The Honduran dealers are not drug addicts. They are not flashy except for the one with eyebrows that look tattoed on. Maybe he goes in drag at night. Handsome and a bit pretty. We sometimes very slightly acknowledge each other, just enough to be friendly but not enough to be in each other’s way. The short guy with the raspy voice on his cell was not around this week. Monday was amazingly quiet. It was misting that day, verging on rain. There were Chihuahuas, one white and one black, barking in the front seat of a big white truck parked next to us. On Wednesday my student Cristina came all the way from Monterey to paint. John worked with her on the Hyde Street side, painting symbols while a homeless man slept, passed out, next to them.
Was it Wednesday or Thursday that the small dark legless man in a wheelchair, high on something to ease the pain, talked urgently to Jenifer. “I see elephants! Elephants! Paint elephants in the mural” . The day before an older woman with a big cross asked if I could paint her naked. Oh, she said, you have skills, and taking a longer look at the mural she exclaimed “I feel it! I really feel it” . Soon after a Chinese grandmother in a wheelchair gunned down the sidewalk and ran over my foot.

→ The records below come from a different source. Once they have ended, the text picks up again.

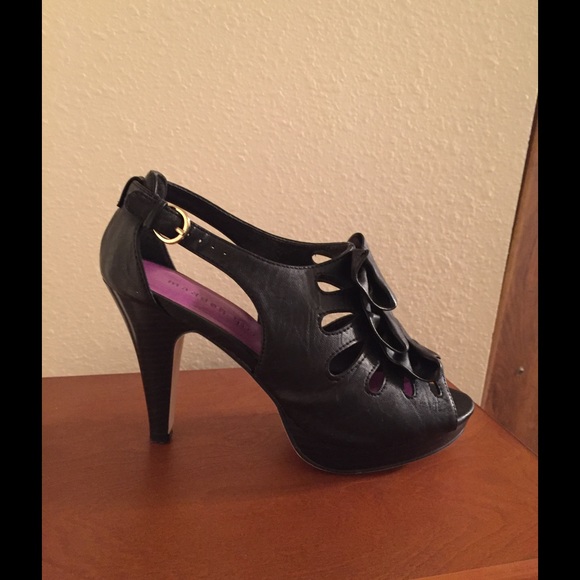 Black booties with cut-outs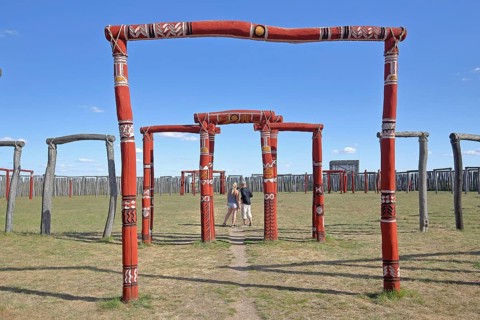 Archaeological reconstructed circular ditch from the Stone Age, Bronze Age, archway with visitors,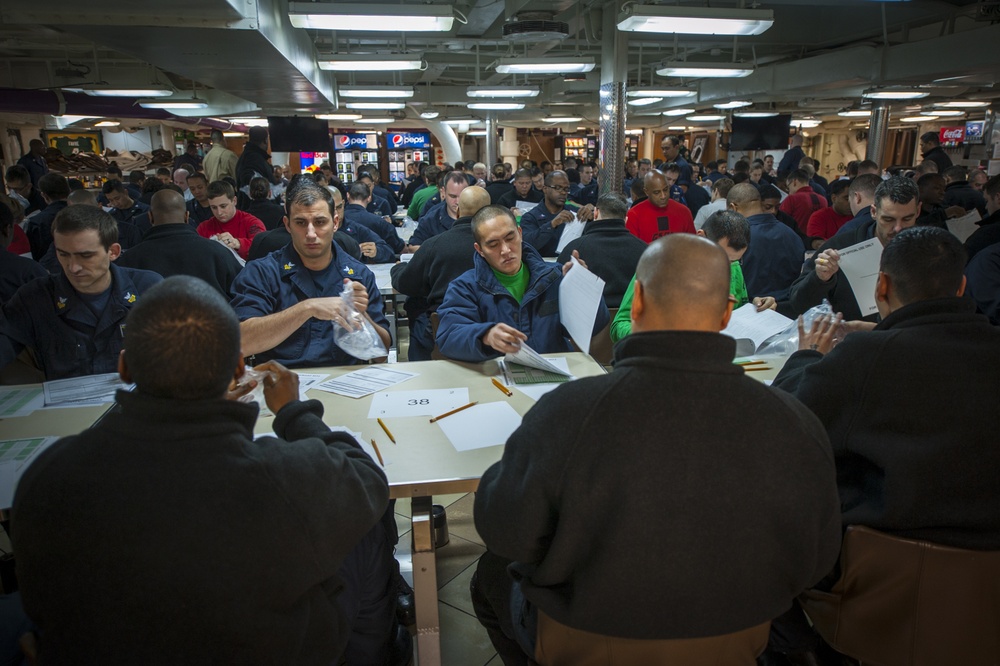 USS Carl Vinson Sailors take advancement exam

A sharply dressed woman, who has worked at the Civic Center Post Office for 20 years was full of warning the first day I met her. Lately she is coming out to see our progress, posing in front of the wall. She apparently knows some of the regulars that populate the corner and jokes around with them. “I know you want to date me! I’ve got a job, I’ve got a place to live!” On the inside, the inner sanctum of the post office she continues her warnings. It’s all survival she says. Be careful. Be smart. But they know you are just there to paint. Our building looks so big! My friends may even visit me here now.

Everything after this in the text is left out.